Origin Part V

Some things are better left undiscovered!
 
Part V
 
Charlie silently followed her as she stepped across the threshold, and as she did a faint blue glow illuminated the center of the room. She stopped and stepped back, suddenly unsure if she should continue, and the blue light faded to darkness. Stepping forward again, she was rewarded with the return of that blue glow that seemed to emanate from the center of the room.
Following the beam of her flashlight, they both ventured deeper into the chamber, coming to a stone bench on their right. She played the beam of the flashlight over the dust-covered surface of the bench, noting how it curved to the left as it vanished into the shadows. There was another bench thee feet in front of the first, it too curving into the emptiness that pressed in on all sides. With growing confidence she pushed on, coming to a third bench in front of the second one.
As they ventured deeper into the chamber, she slowly became aware that the blue glow was coming from an object to her immediate front. She stopped, took a deep breath, and switched off her flashlight.
“Turn off your light,” she said.
“Are you nuts?”
“Just do it.”
Charlie complied and as her eyes adjusted to the darkness the blue glow grew stronger until she could make out the shape of a large blue globe hanging suspended an unknown distance before her. More details came into focus and she began picking out tiny spots of light high above her head all around her. The image reminded her of a planetarium during a showing and she suddenly realized that what she was gazing upon was the home world of whatever had built this structure.
“Can you see it?”
“See what?”
“Close your eyes for a minute and let them adjust to the dark.” Sandra closed her own eyes and when she reopened them that alien solar system was once again laid out before her with that faint blue sun in the center.
“What the hell,” Charlie said.
“I think that’s why they came here.”
“Who?”
“Those who built this structure. Their sun was dying.”
“What is it?”
“A star system, their home.”
“Aliens?”
“Of course, who did you think I was talking about?”
“How can you be so sure?”
“I’m not absolutely certain. Not one hundred percent. But the explanation fits.”
“Then where are they now?”
Sandra shrugged. “I don’t know.”
They had moved forward to a raised dais a foot higher than the rest of the floor. Stepping up together, they approached the blue sphere, beneath which rested a small white box. Charlie reached the item first, marveling at the craftsmanship that had gone into constructing this small object. It looked like fine marble cut into very thin sheets, somewhat transparent, its contents were a faint smudge against the white.
“What is it?” Charlie said.
“I don’t know.” Sandra touched the surface of the box and when she did her mind was suddenly filled with ancient images of an alien place that was all but a memory.
She saw a vast valley beneath a blue sun. From the floor of the valley rose an immense tower. The spires of Beizel in the valley of tears. The name came to her from the black depths of a consciousness that stretched into the antediluvian void of their past. She could feel them around her, the followers who had trekked to this desolate plain, and the faithful who had come to seek redemption. Their thoughts washed over and around her, a single voice in a seething populace whose movements were so perfectly timed they took on the appearance of the surface of the ocean as gentle swells raced from one end to the other in a continuous cycle.
They had come seeking salvation and found it in the singularity of one thought that washed through them with a solitary voice. The individual parts of the whole had come together to form a distinct thought, and that was survival of the species. Their sun was dying, the time for the planet, for their reign, had come to a close. But one chance remained, the survival of the species lay with the chosen who would reach out into the great beyond; to ensure the survival of the species they would venture into the farthest reaches of the cosmos in their search for a new planet to call their own.

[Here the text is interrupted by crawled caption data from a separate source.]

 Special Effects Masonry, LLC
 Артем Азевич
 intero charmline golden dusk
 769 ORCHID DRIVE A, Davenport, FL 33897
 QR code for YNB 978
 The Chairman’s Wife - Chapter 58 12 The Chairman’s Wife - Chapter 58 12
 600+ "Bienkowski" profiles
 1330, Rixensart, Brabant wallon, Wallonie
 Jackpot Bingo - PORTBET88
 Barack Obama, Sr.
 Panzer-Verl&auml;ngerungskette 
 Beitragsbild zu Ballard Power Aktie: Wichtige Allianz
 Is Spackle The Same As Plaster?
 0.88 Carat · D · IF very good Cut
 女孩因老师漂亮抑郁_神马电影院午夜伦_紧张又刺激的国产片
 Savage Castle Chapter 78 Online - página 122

Sandra stepped back from the box, her fingers numbed by the contact, struggling to catch her breath as the true meaning of what she had briefly seen began to sink in.
They did not belong here.
In the shadows around her their memories moved with a sinuous ease through the deeper night.
“Are you all right?” Charlie said, resting his hand on her shoulder as he stepped forward to look at the box resting on the raised dais.
“Don’t touch it,” she warned him. But he ignored her, reaching out to grasp the box in one hand as he softly whispered, “So beautiful.”
Before she could stop him, he had flipped open the delicate hasp and was raising the lid to gaze upon what the box contained. Sandra became aware of movement in the shadows all around her as that ozone aroma intensified. Her hair felt like it was standing on end in response to the suddenly charged atmosphere. Tentacles of darkness slithered across the dais towards them.